(Editor’s note: Reprinted with permission from The State magazine, February, 1975)
Our good friend, Aunt Bessie Brewington, probably the last person alive to have been born into slavery in North Carolina, quietly passed away at the Sampson Memorial Hospital on May 6, 1974, at the advanced age of 109. Her last words were “I see the promised land from a distance.” I felt sad at her passing since I had known her for well over 70 years, and too, she and her mother, had belonged to my stepfather’s parents, Colonel and Mrs. Franklin J. Faison. She was born on the Faison plantation in 1964 and was the daughter of Ireland and Polly Brewington. Ireland was a free Negro, and during the War Between the States he cooked for the Confederate Army, and when the war was over, he walked home from Petersburg, VA, since the Wilmington and Weldon Railroad had been badly damaged by the Yankee army. Aunt Betsy always took pride in saying that he cooked for our side.
Aunt Betsy’s family moved after the war to “Summer Hill” (near Turkey), the plantation of the Thomas I. Faison family. When Miss Susan Virginia Faison married Dr. William W. Faison, the Superintendent of the State Hospital at Goldsboro, and had three sons, William, Ralph, and Preston, she went to live with them and nurse the boys. She always spoke of the Faison family with affection, pride, and esteem. Later in life, Aunt Betsy and her mother moved the Mount Pleasant plantation at Elliott, and were household servants of the Col. Edward L. Faison family. Aunt Betsy later nursed the children of Senator and Mrs. Marion Butler. Mrs. Butler was the daughter of Col. And Mrs. E. L. Faison. Aunt Betsy well remembered seeing Colonel William Lamb of Norfolk, VA, the Commander of Fort Fisher during the war, on his visits with the Faisons at Elliott.

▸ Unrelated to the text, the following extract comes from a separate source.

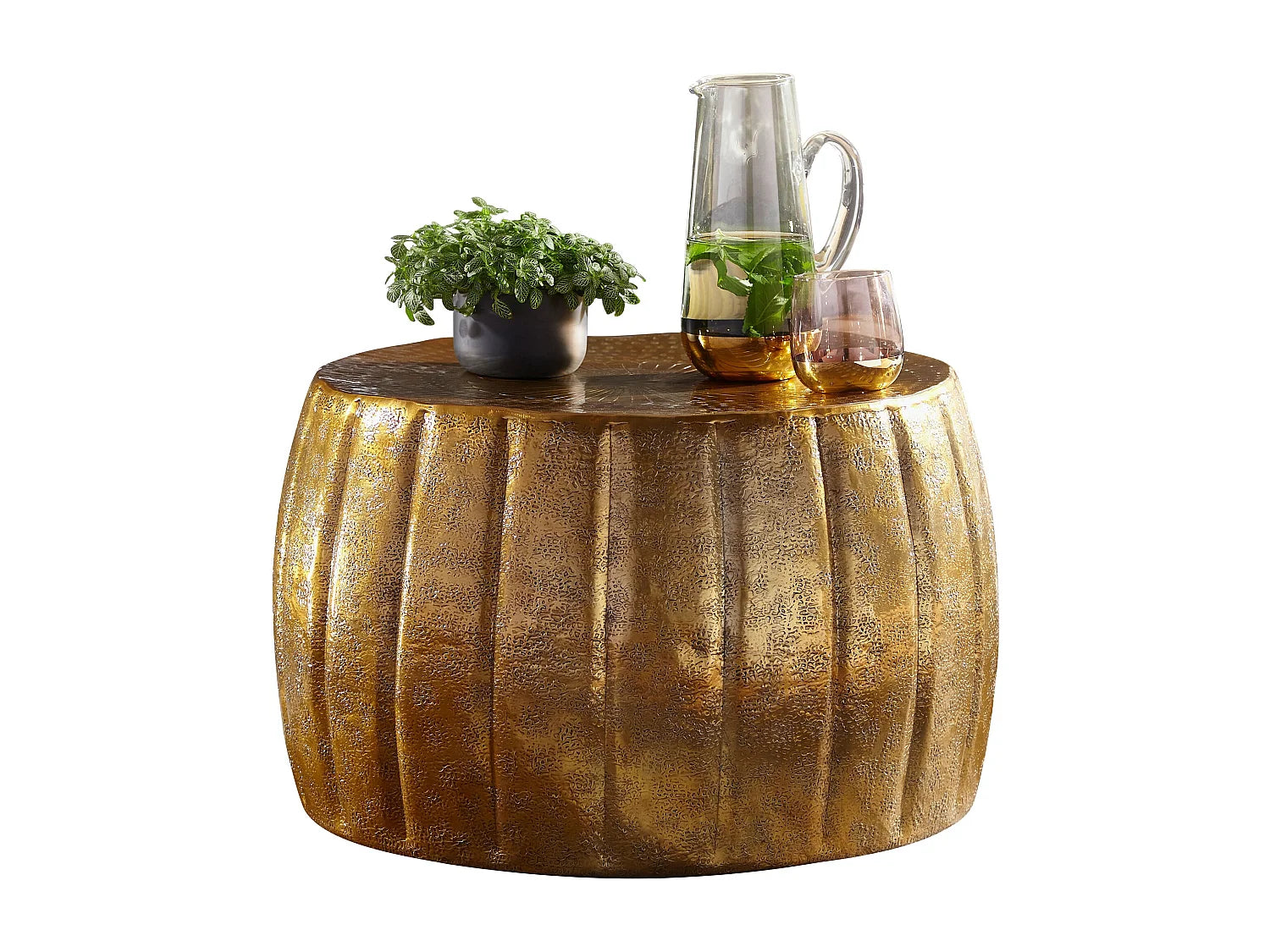 Bout de canapé rond en aluminium doré oriental – SAHARA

While living at Elliott, Aunt Betsy’s house was located near the family graveyard, and she has told me many hair-raising stories of apparitions which she had seen and noise which she had heard. On one occasion at night, she saw a young man sitting on a vault in the graveyard playing a flute. She told Colonel Faison of her experience and he replied that it could well have been his relative, Thomas Faison, who was a flute player and was buried there in 1860.

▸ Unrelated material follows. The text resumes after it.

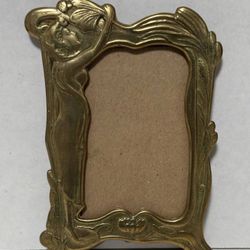Vintage Solid Brass Art Nouveau Photo Frame Mucha Esque Woman And Floral Embellishments Accent Decor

Aunt Betsy often spoke of the earthquake of 1886, which she called “the great shake” and she believed it was a warning from the Lord for people to repent and get fully baptized. She spoke of the television as the “sin box”, and once she said that she had the fear of the Lord coming and finding her looking at half-naked people on the devil’s contraption.
Aunt Betsy had been a member of Six Runs Baptist Church for upwards towards 90 years, and was one of the first ushers of the church. She often spoke of her early pastor, the Rev. Tom Parker, called “Brer Parker” by many, who was one of the pioneer Negro ministers in Sampson and Duplin after the war. She was a member of the Daughters of Zion and the Mother’s and Daughter’s Lodge. She had a son, Willie, who died last year, and two daughters, India and Eliza.
Aunt Betsy’s funeral was held at Six Runs Baptist Church on May 12, 1974. The eulogy was given by her minister, The Reverend J. M. Grimes. A solo was sung by sister Macy Stevens, and other touching hymns were rendered by the choir. Tributes were made by Deacon Elmer Wilson and by Mr. Claude H. Moore. Interment was at the old Negro graveyard at Elliott. I attended the funeral and I well realized that we were witnessing the close of another chapter of the history of the Old South.